La réforme est aussi l'occasion d'évaluer la performance globale de votre outil. Si votre logiciel ne gère pas correctement les automatisations, manque d'intégration avec votre outil comptable, ou génère des surcoûts à mesure que votre activité croît, il peut être judicieux de profiter du changement imposé par la réforme pour migrer vers une solution plus adaptée. Changer sous contrainte et sous la pression du calendrier coûte toujours plus cher qu'anticiper.





Comment T2F Expert-comptable vous accompagne


La transition vers la facturation électronique soulève des questions qui dépassent le seul choix d'un logiciel. Il s'agit d'une refonte partielle de vos processus de gestion, avec des implications fiscales, organisationnelles et contractuelles. C'est précisément le terrain sur lequel l'expert-comptable apporte une valeur concrète.


Dans le cadre du suivi de ses clients TPE et PME, le Groupe T2F réalise un "diagnostic" de conformité qui permet d'identifier précisément la situation de chaque entreprise : format de factures actuellement émises, logiciel utilisé, plan de mise à jour communiqué par l'éditeur, connexion ou non à une plateforme agréée. Sur cette base, des recommandations précises sont formulées, sans généralisation ni solution standardisée.


T2F assure également le lien avec les plateformes agréées partenaires et peut intégrer la facturation électronique dans le cycle comptable global de l'entreprise : rapprochement automatique des factures reçues, suivi des statuts du cycle de vie (envoyée, prise en charge, approuvée, payée), réconciliation des données TVA avec l'e-reporting. Cette vision d'ensemble évite les redondances et les risques d'erreur.



Votre logiciel sera-t-il conforme en septembre 2026?

Quelle plateforme agréée choisir?



Les experts de Groupe T2F évaluent votre situation

et vous recommandent la solution adaptée à votre activité.







Questions fréquentes


Un logiciel de facturation est-il obligatoire pour être conforme à la réforme ?

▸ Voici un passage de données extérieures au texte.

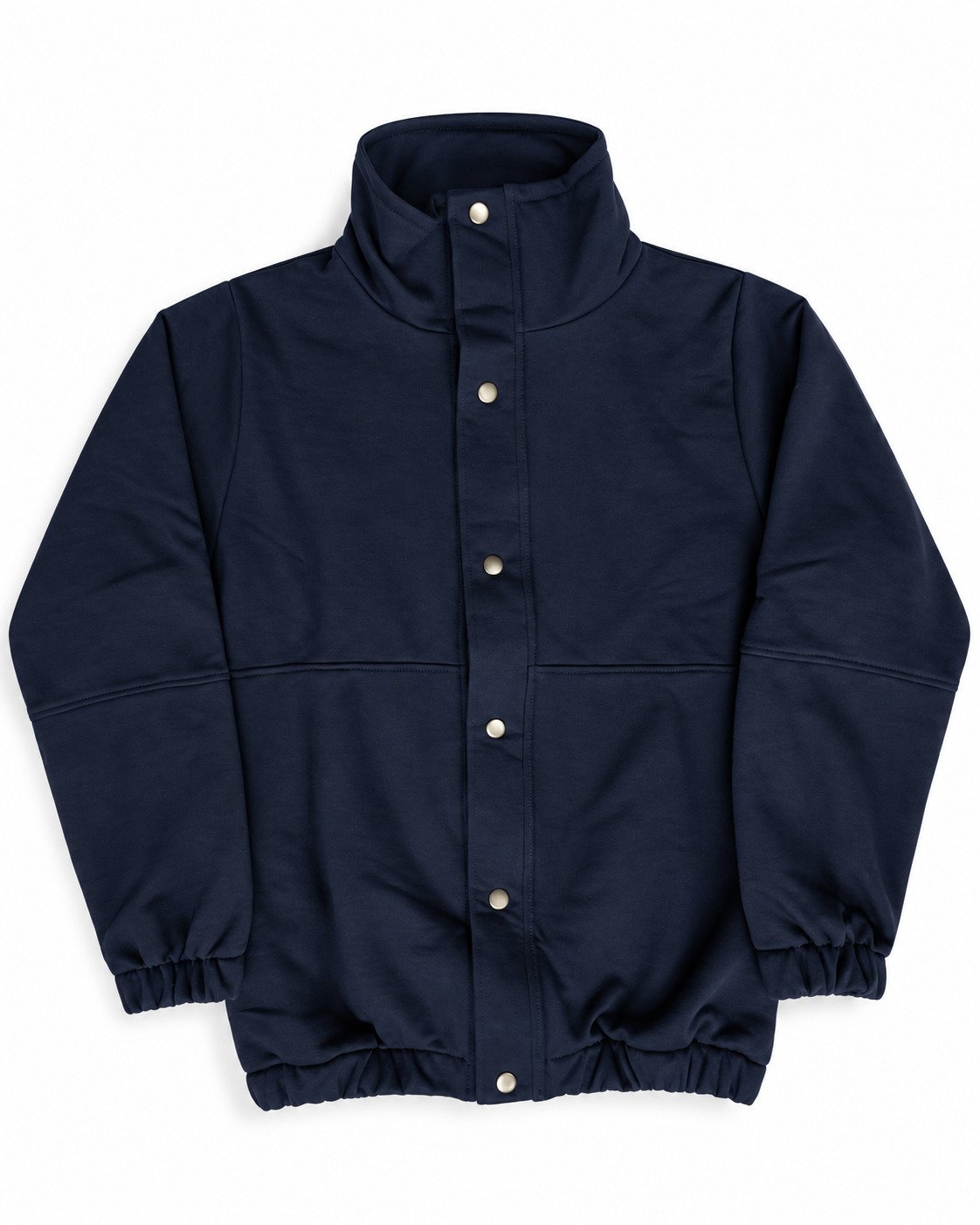 Chaqueta azul marino con broches metálicos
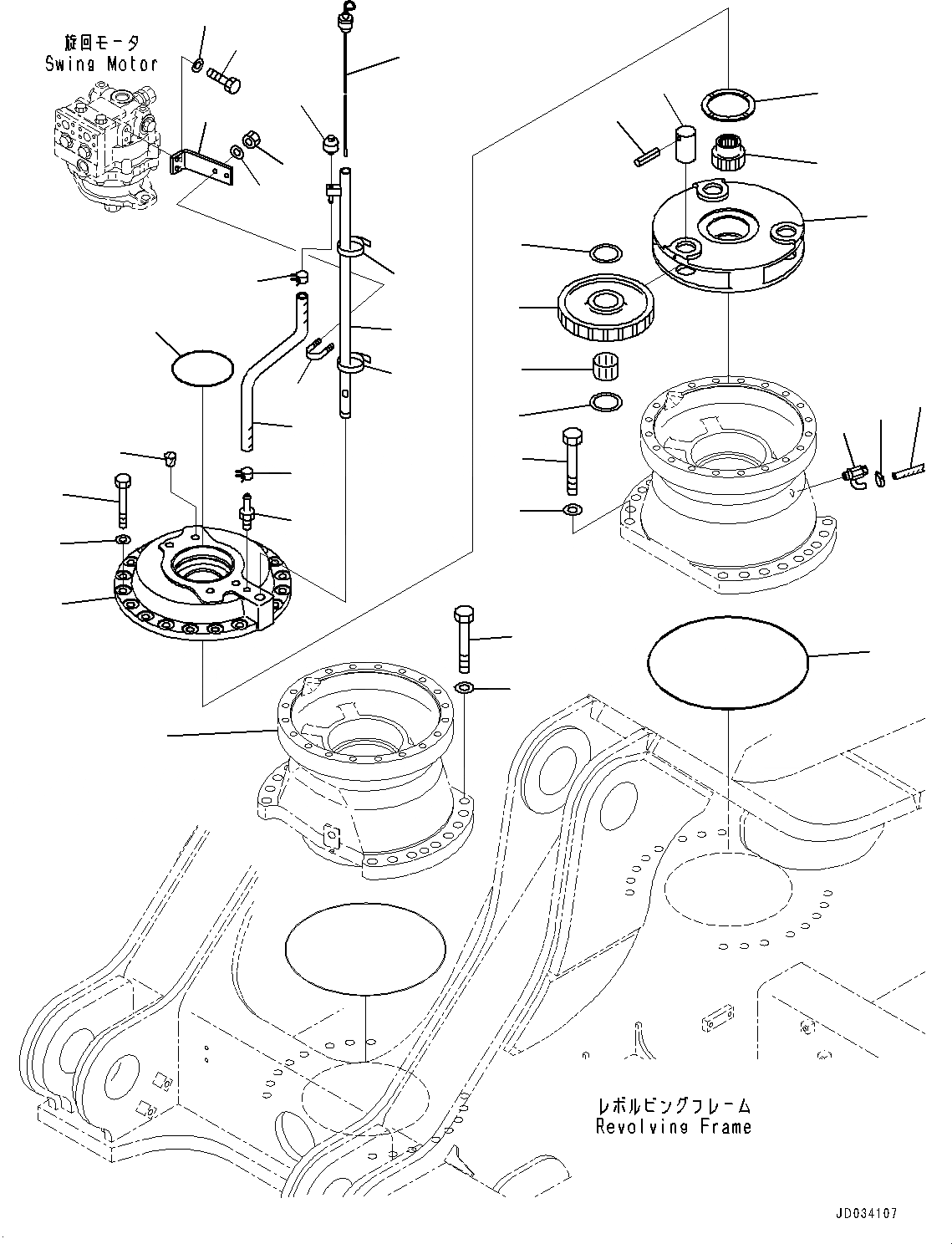 Схема запчастей Komatsu PC800-8R1 - МЕХАНИЗМ ПОВОРОТА И МОТОР, 1 НЕСУЩИЙ ЭЛЕМЕНТ И GAUGE СУППОРТ, ЗАДН. (№7-) МЕХАНИЗМ ПОВОРОТА И МОТОР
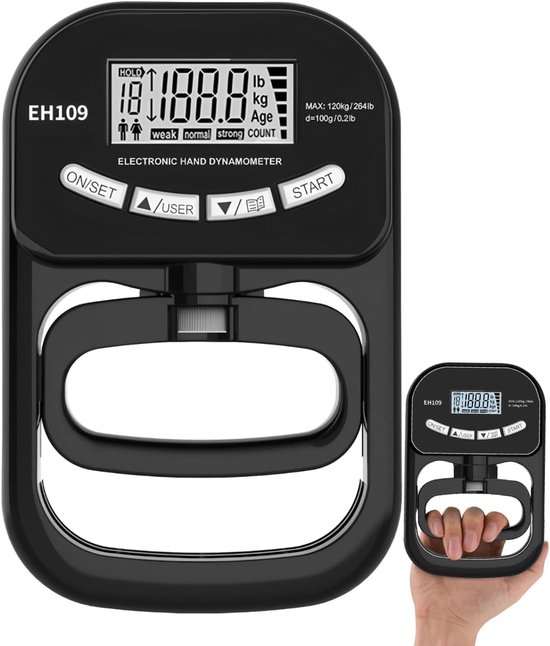 Elektronischer Handkraft-dynamometer, Krafttrainer Und -tester Bis 180 Kg Für Sportler Und Heimtraining.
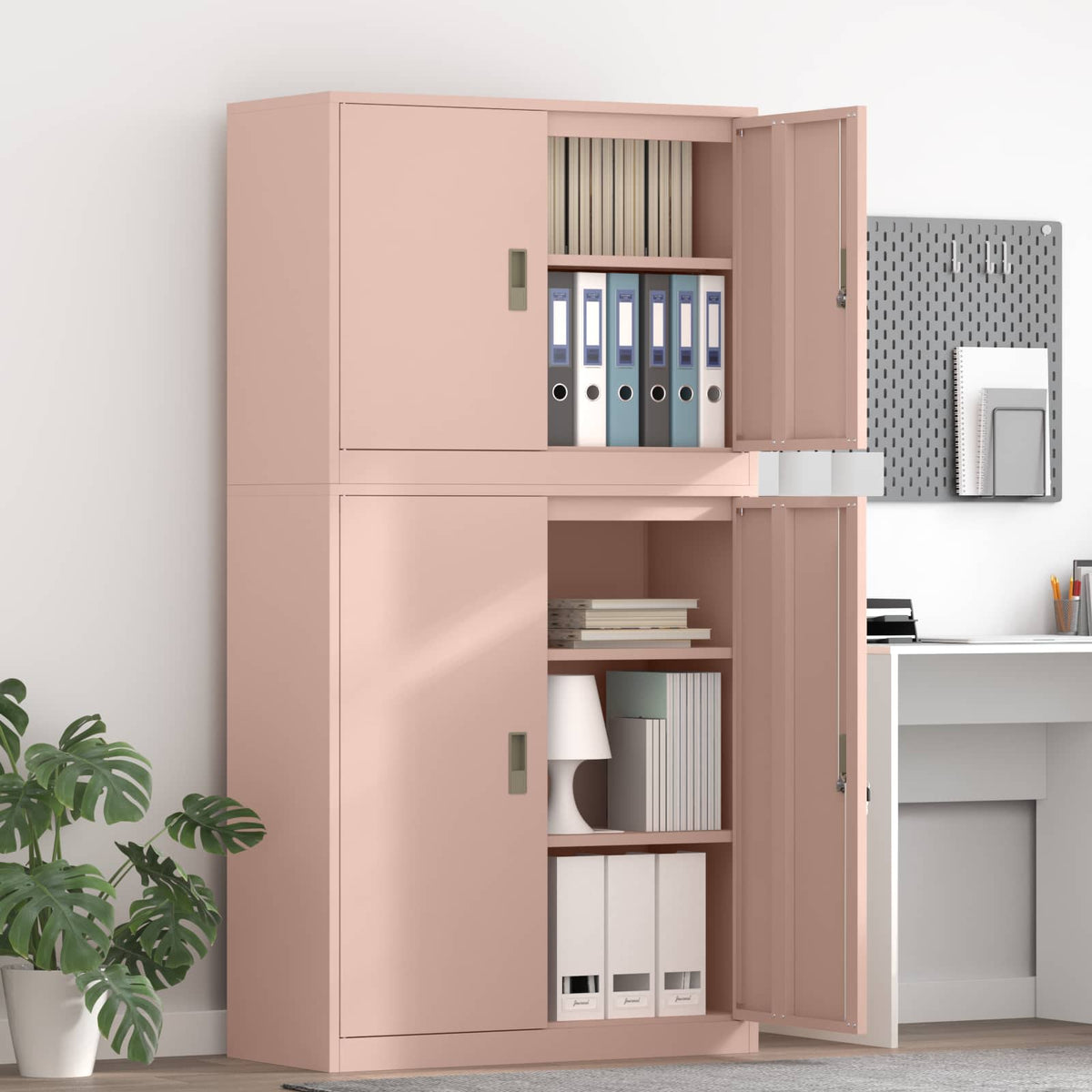 vidaXL Storage Cabinet 2 pcs Pink 90 x 40 x 175 cm Steel Lockable 1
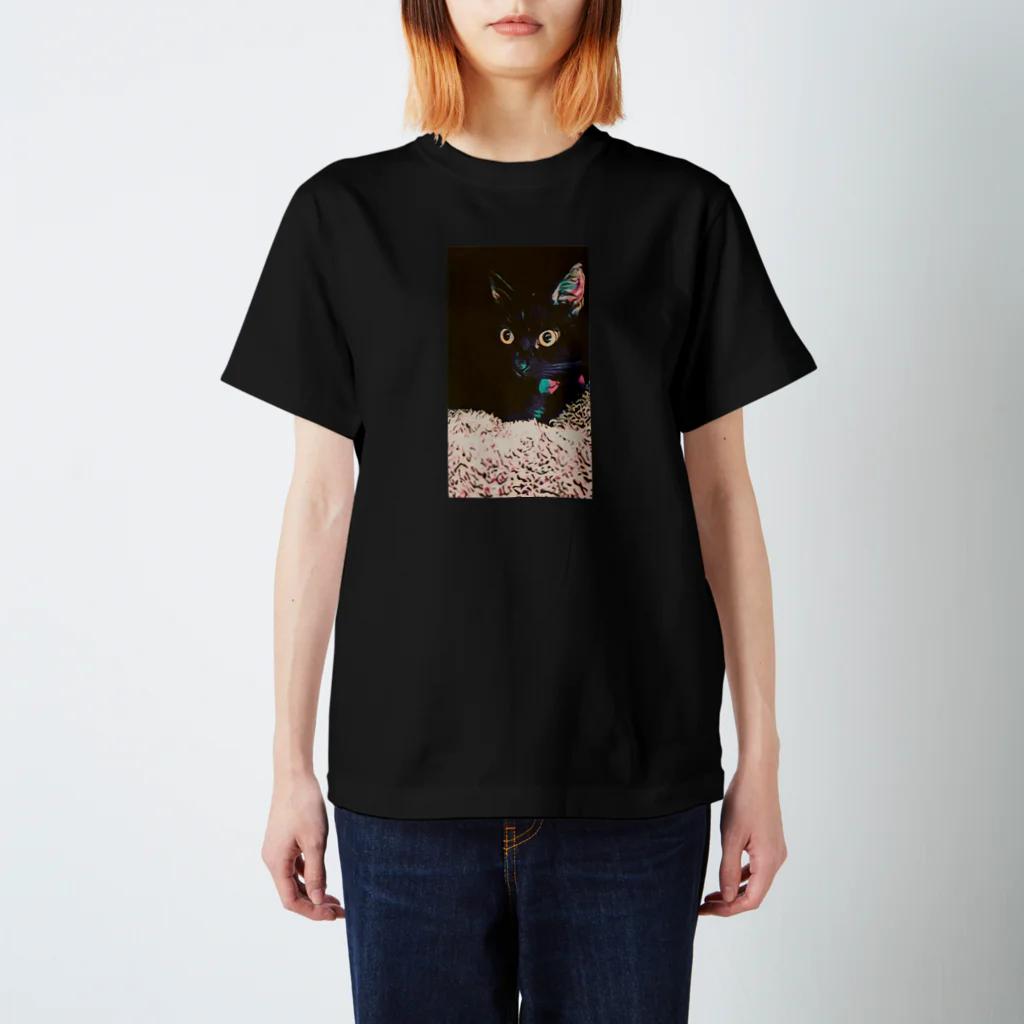 猫ねこネコ堂　SUZURI店のNoir　1 Regular Fit T-Shirt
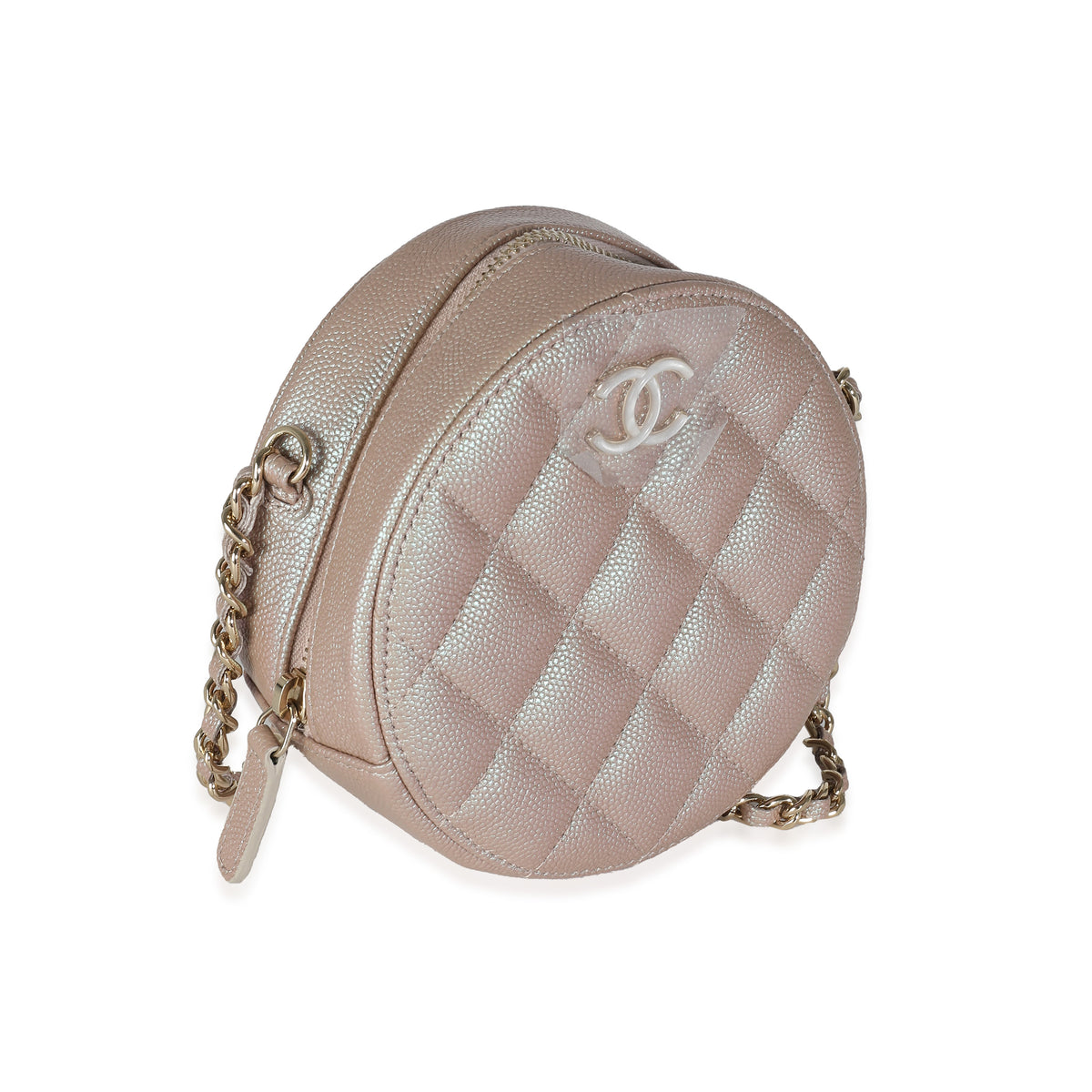 Pink Iridescent Quilted Caviar Round Clutch With Chain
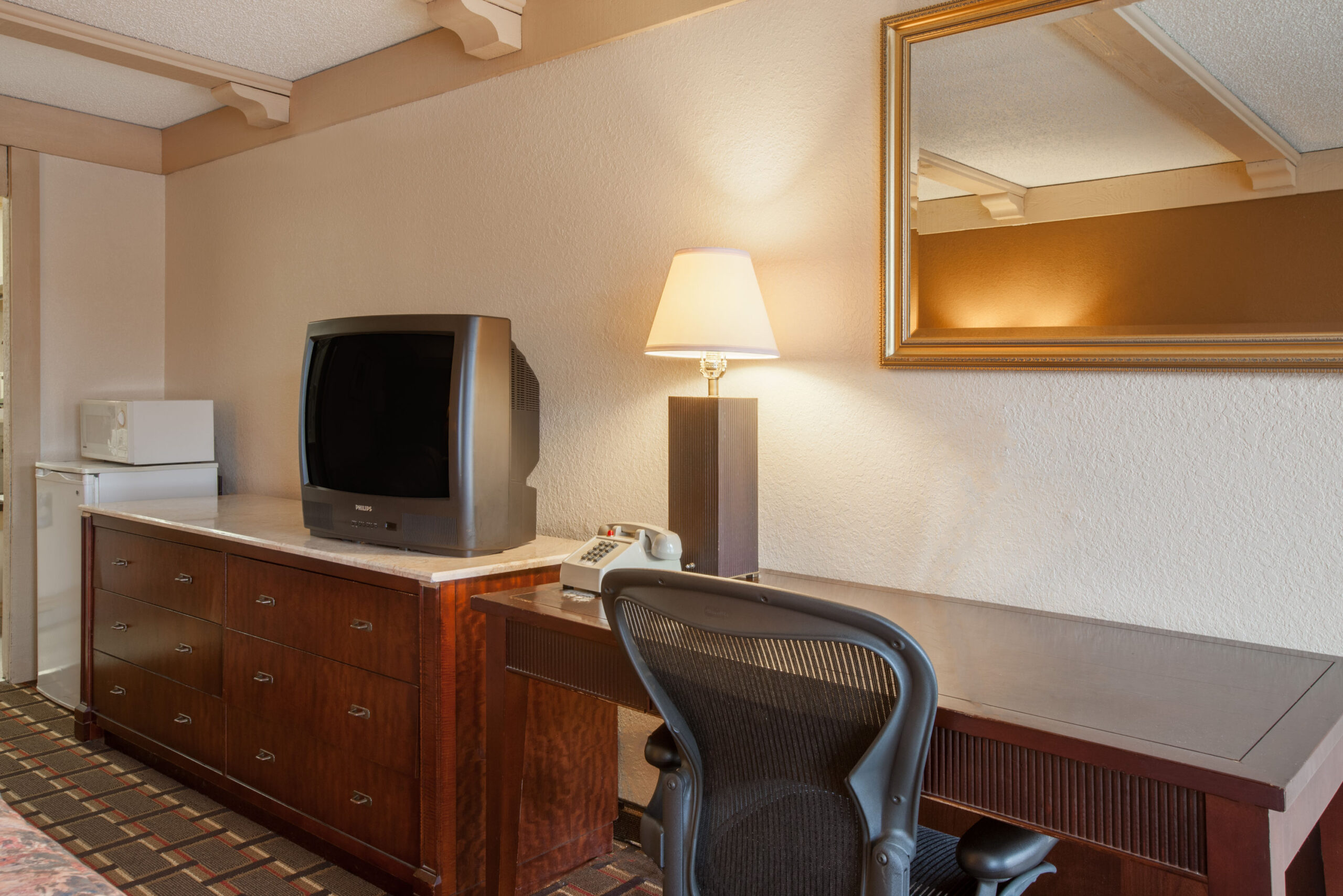 Hotel room work area.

Non. La loi n'impose pas la détention d'un logiciel de facturation. En revanche, toute entreprise assujettie à la TVA devra pouvoir recevoir des factures électroniques via une plateforme agréée à partir du 1er septembre 2026. Pour émettre, certaines plateformes agréées proposent un module de saisie basique qui peut se substituer à un logiciel pour les structures à faible volumétrie de factures.

 

Quelle est la différence entre une plateforme agréée et une solution compatible ?

Une plateforme agréée (PA) est immatriculée auprès de la DGFiP et peut émettre, recevoir et router des factures électroniques en son propre nom. Elle alimente directement le Portail Public de Facturation en données. Une solution compatible (SC), aussi appelée opérateur de dématérialisation, prépare et formate les factures, mais doit obligatoirement s'appuyer sur une PA pour les transmettre. La distinction est cruciale lors du choix de votre outil.

 

Comment savoir si mon logiciel actuel sera conforme à la réforme ?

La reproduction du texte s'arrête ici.